A bigger screen, 4G LTE speed and a digital wallet are big plusses.

Apple Inc. has unveiled the highly anticipated iPhone 5. Of greatest importance to retailers, travel firms and ticket sellers in mobile commerce, the new iPhone boasts a larger screen, faster wireless connectivity, and a new operating system replete with features including Facebook integration and a digital wallet named Passbook.

“We anticipate that the iPhone 5 will drive a significant product cycle and put a lot of pressure on competitors,” says Shaw Wu, an analyst at investment firm Sterne Agee. “The previous update from iPhone 4 to iPhone 4S was arguably a relatively minor one with Siri being the biggest new feature. Despite that, a record number of iPhones were sold.”

From screen size to 4G LTE wireless speed to maps with turn-by-turn navigation, the iPhone 5 has many more advances over the iPhone 4S, Wu says.

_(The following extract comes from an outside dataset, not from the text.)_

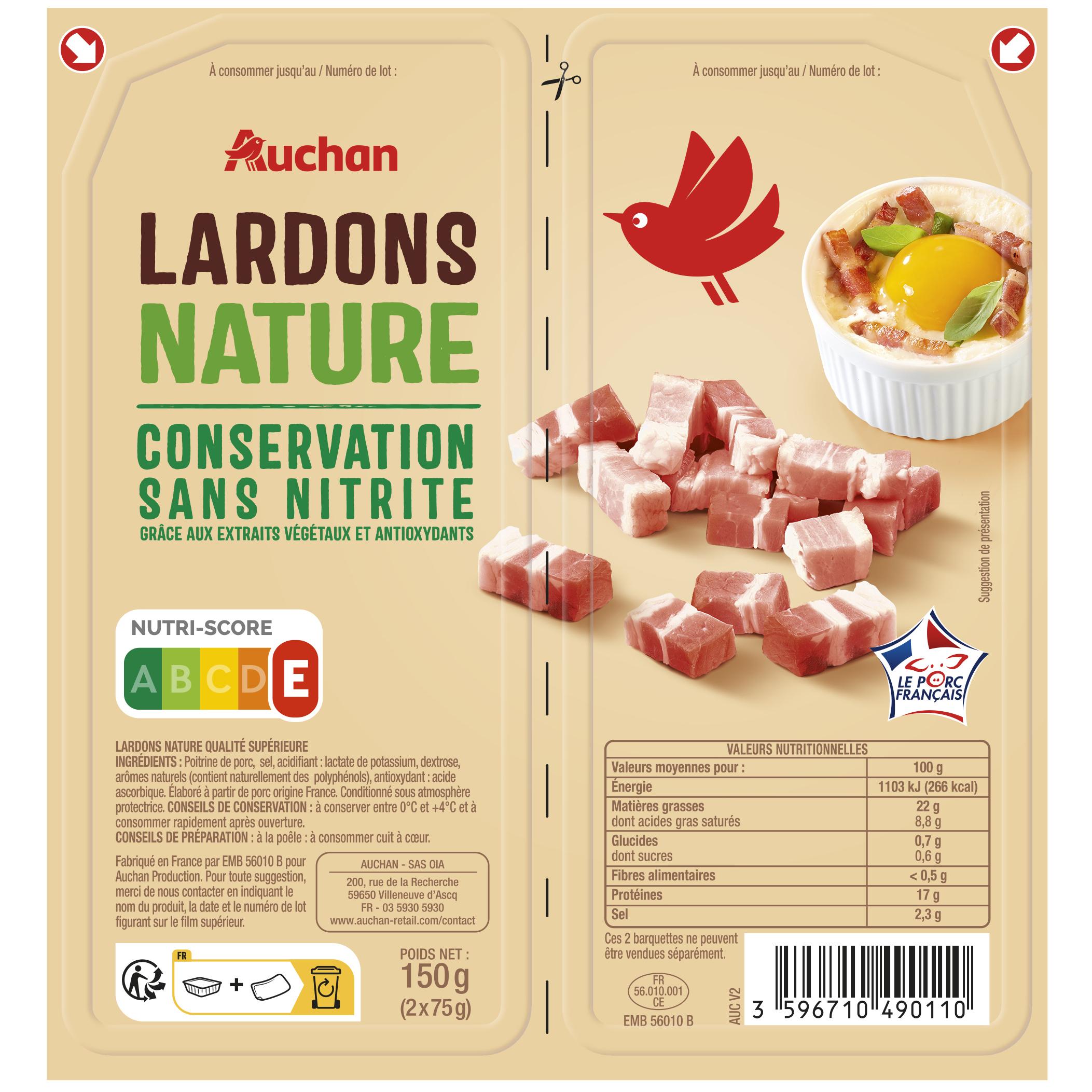 HERTA Lardons Fumés Conservation Sans Nitrite 2x75g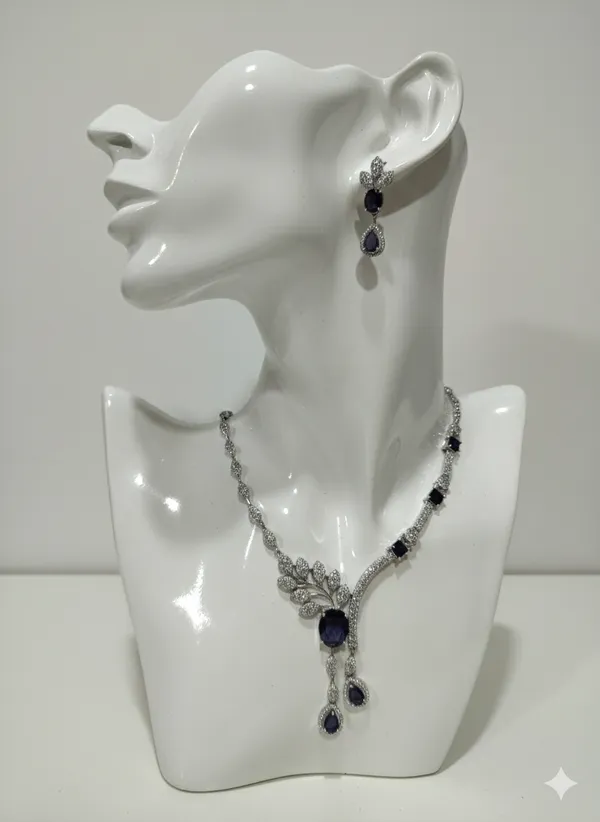 Purple_American_Diamond_Cubic_Zirconia_Necklace_With_1_Pair_Of_Earrings_For_Women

As a result, Sterne Agee is projecting Apple will sell 45 million iPhone 5 devices in the fourth quarter, well above the previous record high of 37 million units set in Q4 2011.

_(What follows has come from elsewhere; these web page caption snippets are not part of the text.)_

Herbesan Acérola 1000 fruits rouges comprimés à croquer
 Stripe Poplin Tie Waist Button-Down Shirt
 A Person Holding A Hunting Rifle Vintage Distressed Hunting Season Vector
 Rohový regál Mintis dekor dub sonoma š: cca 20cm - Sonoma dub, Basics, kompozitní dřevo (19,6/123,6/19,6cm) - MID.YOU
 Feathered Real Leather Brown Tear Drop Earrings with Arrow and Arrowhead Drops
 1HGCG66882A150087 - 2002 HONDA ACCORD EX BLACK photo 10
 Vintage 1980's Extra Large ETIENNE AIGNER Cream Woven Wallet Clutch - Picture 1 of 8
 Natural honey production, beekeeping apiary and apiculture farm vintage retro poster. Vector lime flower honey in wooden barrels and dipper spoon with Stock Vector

Pre-orders for the iPhone 5 begin on Sept. 14; shipping commences Sept. 21. The price is $199 for the 16GB model. The iPhone 5 is 7.6 millimeters thick, 18% thinner than the iPhone 4S, and 112 grams, 20% lighter than the iPhone 4S. It features Apple’s new A6 chip, which the company says is twice as fast as its previous A5 chip. Battery life is 8-10 hours, depending on how the device is being used; for example, 8 hours for 4G LTE browsing, 10 hours for watching video. The device also features an 8-megapixel camera.

The iPhone 5 screen is 4 inches in size, up from 3.5 inches on previous models. The retina display is 1136 pixels by 640 pixels. The increase in size allows for a fifth row of app icons to the home screen. Overall this means more mobile real estate for retailers to play with.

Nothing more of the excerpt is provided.